• WHAT YOU WILL DO: What lines of the data hold the string "perto"? Copy them all.

• INPUT RECORDS:
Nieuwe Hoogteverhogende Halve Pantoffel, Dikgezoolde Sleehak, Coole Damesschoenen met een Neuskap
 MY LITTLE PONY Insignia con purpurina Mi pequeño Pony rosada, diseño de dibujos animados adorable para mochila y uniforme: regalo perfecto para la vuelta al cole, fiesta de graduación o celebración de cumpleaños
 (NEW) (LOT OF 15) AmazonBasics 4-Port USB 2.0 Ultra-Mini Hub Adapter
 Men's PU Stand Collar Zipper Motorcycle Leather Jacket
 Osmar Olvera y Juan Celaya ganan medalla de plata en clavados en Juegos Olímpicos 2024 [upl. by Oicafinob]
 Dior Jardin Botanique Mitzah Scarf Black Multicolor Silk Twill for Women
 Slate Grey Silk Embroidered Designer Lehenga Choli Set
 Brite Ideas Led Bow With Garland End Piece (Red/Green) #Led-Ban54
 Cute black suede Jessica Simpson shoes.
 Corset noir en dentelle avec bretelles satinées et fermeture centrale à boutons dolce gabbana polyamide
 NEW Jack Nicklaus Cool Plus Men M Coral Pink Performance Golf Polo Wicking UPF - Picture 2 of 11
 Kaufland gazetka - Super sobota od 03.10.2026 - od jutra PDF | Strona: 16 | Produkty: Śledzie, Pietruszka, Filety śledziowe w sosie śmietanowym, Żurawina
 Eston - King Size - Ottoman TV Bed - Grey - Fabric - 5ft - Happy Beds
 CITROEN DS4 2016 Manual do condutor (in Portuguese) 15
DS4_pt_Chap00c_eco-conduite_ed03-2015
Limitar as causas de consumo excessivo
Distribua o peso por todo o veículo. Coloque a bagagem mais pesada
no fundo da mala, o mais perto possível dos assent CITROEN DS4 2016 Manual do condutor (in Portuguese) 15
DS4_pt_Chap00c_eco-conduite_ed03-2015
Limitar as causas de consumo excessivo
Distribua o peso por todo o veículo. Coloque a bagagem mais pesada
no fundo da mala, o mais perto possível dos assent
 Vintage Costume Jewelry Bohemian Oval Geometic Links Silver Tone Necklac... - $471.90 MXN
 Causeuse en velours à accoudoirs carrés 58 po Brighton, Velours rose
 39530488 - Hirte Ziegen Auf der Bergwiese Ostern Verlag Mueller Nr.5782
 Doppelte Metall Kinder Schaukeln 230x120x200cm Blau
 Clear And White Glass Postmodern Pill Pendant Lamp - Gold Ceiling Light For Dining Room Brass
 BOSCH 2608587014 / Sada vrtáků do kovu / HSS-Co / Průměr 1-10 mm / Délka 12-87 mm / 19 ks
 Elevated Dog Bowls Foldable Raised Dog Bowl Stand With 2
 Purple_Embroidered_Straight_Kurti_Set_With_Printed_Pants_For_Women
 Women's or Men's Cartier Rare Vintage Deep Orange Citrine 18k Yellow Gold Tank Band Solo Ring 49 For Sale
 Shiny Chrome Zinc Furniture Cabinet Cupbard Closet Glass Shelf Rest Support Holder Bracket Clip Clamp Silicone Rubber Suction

• TASK ANSWER:
no fundo da mala, o mais perto possível dos assent CITROEN DS4 2016 Manual do condutor (in Portuguese) 15
no fundo da mala, o mais perto possível dos assent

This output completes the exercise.